[Try it] The expected answer is the set of lines in the data below between the line holding "15Ml perfume sample, the" and the line holding "新手指南：如何轻松使用USDT钱包进行交易与投资", inclusive, written out exactly.

[Available data]
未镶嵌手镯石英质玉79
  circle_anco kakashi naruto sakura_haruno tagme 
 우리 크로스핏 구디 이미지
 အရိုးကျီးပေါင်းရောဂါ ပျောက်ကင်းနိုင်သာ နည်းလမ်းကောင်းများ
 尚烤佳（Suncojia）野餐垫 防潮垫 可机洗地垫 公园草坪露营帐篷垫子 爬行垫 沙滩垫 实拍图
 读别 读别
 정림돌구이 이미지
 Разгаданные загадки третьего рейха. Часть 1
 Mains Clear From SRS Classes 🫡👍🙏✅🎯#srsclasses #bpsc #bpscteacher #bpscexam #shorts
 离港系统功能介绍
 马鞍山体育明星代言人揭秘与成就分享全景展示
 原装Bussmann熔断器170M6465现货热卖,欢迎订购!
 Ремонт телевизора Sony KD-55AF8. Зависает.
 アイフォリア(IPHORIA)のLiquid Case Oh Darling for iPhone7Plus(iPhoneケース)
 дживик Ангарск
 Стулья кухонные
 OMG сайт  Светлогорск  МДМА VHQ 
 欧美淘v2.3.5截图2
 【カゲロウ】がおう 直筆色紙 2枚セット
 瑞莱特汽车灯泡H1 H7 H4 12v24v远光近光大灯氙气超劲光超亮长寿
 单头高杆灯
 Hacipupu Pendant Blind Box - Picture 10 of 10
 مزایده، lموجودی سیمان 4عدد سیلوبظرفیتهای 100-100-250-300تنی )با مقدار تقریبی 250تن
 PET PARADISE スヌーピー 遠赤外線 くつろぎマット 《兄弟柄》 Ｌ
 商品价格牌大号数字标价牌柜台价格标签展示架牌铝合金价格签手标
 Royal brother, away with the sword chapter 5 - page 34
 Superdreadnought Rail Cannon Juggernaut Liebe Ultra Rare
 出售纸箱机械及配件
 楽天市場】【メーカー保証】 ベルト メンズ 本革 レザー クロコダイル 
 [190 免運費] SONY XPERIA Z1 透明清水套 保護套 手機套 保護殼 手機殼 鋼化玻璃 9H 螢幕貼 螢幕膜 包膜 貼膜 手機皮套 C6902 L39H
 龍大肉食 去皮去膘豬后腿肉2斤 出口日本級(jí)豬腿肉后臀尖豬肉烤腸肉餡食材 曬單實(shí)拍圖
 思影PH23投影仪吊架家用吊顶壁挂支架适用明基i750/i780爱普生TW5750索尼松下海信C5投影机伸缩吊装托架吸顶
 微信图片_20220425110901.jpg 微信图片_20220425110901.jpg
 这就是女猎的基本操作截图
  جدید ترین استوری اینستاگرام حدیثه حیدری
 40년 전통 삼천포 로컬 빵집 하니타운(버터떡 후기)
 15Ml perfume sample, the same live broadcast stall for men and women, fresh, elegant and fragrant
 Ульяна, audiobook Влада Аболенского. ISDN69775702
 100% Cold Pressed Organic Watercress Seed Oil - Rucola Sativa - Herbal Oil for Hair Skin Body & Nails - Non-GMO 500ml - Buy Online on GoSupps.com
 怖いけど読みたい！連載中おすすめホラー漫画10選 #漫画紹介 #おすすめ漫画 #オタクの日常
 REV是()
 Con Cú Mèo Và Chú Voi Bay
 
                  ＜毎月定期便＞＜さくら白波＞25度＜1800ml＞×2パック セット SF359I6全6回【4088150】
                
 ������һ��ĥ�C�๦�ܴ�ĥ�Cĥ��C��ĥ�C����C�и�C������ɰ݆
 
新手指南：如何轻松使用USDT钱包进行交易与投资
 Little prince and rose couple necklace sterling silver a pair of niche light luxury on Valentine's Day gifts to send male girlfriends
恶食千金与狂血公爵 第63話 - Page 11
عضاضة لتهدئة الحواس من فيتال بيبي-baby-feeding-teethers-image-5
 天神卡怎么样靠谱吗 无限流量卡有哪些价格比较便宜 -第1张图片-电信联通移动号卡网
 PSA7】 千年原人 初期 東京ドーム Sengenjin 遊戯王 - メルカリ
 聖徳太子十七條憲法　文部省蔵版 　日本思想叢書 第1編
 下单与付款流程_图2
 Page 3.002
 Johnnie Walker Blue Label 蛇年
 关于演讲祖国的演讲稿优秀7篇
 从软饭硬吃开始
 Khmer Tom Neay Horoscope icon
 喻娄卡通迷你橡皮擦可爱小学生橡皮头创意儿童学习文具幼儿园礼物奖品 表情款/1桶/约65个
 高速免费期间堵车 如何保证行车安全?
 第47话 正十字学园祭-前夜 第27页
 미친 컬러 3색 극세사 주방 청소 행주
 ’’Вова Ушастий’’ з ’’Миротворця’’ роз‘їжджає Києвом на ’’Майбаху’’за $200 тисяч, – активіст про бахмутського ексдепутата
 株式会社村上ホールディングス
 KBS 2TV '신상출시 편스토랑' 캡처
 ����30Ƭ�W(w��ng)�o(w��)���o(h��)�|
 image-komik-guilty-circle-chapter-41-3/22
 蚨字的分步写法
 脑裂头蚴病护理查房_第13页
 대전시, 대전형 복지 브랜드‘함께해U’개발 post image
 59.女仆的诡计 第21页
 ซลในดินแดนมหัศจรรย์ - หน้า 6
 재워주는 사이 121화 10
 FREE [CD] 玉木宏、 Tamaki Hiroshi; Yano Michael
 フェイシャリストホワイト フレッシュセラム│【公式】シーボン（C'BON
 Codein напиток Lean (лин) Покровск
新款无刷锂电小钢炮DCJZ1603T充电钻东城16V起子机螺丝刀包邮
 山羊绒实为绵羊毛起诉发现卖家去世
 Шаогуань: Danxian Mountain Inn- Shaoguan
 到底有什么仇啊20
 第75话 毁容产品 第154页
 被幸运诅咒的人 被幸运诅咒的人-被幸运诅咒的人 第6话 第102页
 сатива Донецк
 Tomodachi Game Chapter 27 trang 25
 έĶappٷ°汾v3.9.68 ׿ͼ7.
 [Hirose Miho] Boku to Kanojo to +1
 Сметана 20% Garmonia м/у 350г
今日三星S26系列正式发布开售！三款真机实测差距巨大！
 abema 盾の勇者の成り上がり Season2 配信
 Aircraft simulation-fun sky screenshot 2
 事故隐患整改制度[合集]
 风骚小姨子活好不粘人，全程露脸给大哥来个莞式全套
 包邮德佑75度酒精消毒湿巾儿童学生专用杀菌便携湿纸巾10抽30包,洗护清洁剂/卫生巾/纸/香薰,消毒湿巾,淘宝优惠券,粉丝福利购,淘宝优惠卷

[Your response]
 15Ml perfume sample, the same live broadcast stall for men and women, fresh, elegant and fragrant
 Ульяна, audiobook Влада Аболенского. ISDN69775702
 100% Cold Pressed Organic Watercress Seed Oil - Rucola Sativa - Herbal Oil for Hair Skin Body & Nails - Non-GMO 500ml - Buy Online on GoSupps.com
 怖いけど読みたい！連載中おすすめホラー漫画10選 #漫画紹介 #おすすめ漫画 #オタクの日常
 REV是()
 Con Cú Mèo Và Chú Voi Bay
 
                  ＜毎月定期便＞＜さくら白波＞25度＜1800ml＞×2パック セット SF359I6全6回【4088150】
                
 ������һ��ĥ�C�๦�ܴ�ĥ�Cĥ��C��ĥ�C����C�и�C������ɰ݆
 
新手指南：如何轻松使用USDT钱包进行交易与投资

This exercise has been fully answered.